By Browning Brooks
FSU Communications Group
Karen Marinelli says people "roll their eyes" when she tells them she's majoring in business and religion.
"People don't understand," she said, laughing. "They think it's seminary or
something, but it's the academic study of religion."
Marinelli says she never intended a double major but found her religion courses so fascinating that she sort of "fell into" the FSU religion department.
"I had small classes with professors at the top of their fields, and I now have a much broader perspective," she said. "It's the best thing I could have done for my education."
In fact, Marinelli was able to tailor her program at FSU, including an honors thesis on church-state issues, to catapult her toward the top law schools. And she's not alone.
Celebrating its 30th anniversary this year, the Florida State religion department -- regarded as one of the top five at public institutions in the country -- is thriving and growing in new directions.
"We have more than 1,300 students taking our courses," said Chairman Leo Sandon. "And we now have more diversity in the department, both from the standpoint of gender and subject areas. We have some really great young faculty members."
From its origin in 1965 under the leadership of Professor Robert Spivey, the department has grown to one of the largest in the country.
The past few years have seen the arrival of young professors with Ivy League Ph.D.s from the nation's top universities, joining an already distinguished senior faculty.
"With one-third of our faculty now women, it changes the character of the department," Sandon said. "Both Tessa (Bartholomeusz) and Kathleen (Erndl) are interested in gender studies. They often deal with women in a non-Western context, so their courses meet the cross-cultural and diversity goals of FSU's multicultural requirement."
Bartholomeusz has just published a book about Buddhist nuns in Sri Lanka and Erndl has published a book on the Hindu goddess of Northwest India. They teach the entire range of South Asian religions as well as "Women in Religion."

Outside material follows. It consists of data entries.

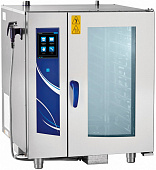 Пароконвектомат Abat ПКА 10-1/1ВП2 купить по низкой цене в Ярославле | Комплекс Трейд.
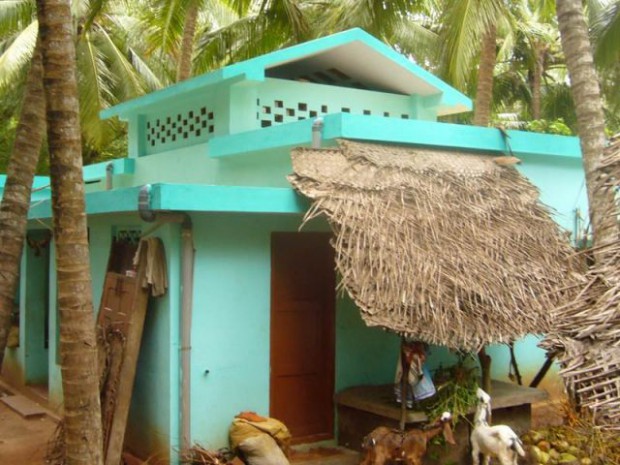 Arunthangavillai Arunthangavillai
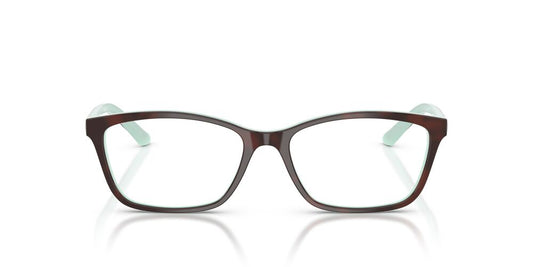 Anteojos Ópticos Ralph RA7044 Havana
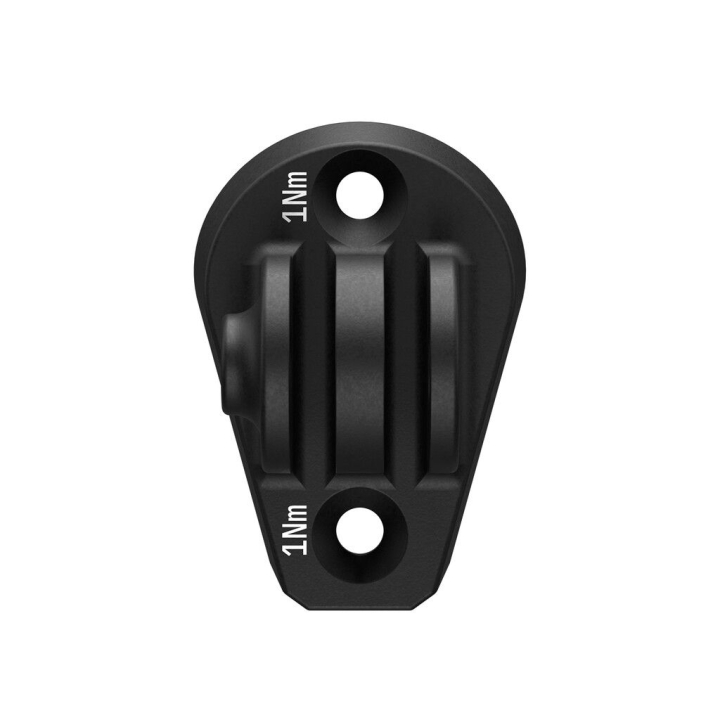 Hammerhead Mount Accessory Adapter zu Lenkerhalterung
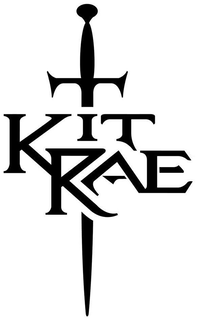 KIT RAE trademark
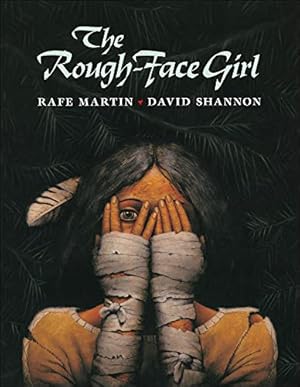 Imagen del vendedor de The Rough-Face Girl a la venta por Books for Life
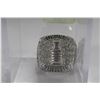 Image 1 : TORONTO MAPLE LEAFS TIM HORTON CUP RING - REPLICA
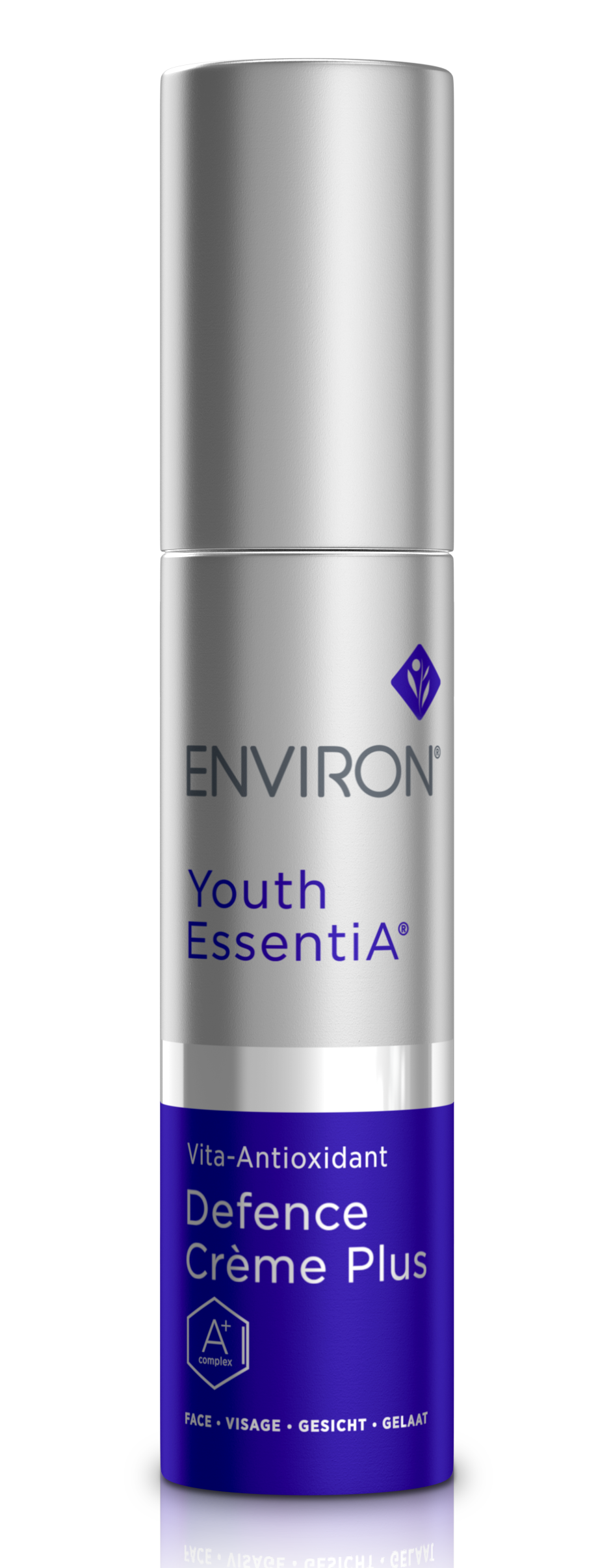 Youth EssentiA - Vita-Antioxidant - Defence Creme Plus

"With more and more of our students coming from immigrant groups, it's important that the emphasis not necessarily be on Western thought," Erndl said.
She was attracted to FSU because she sought "a very vibrant and growing department." The new Ph.D. program launched in 1991 -- the only one in Florida in religion -- a master's degree program in Asian studies and an interest in gender issues told Erndl "they were serious."
David Lamberth, whose dissertation on philosopher William James won raves from top theologians and philosophers at Harvard, arrived just this fall to teach philosophy of religion.
Even so, the uninitiated often picture all religion students as necessarily "religious" or ask, "What are you going to do with that?"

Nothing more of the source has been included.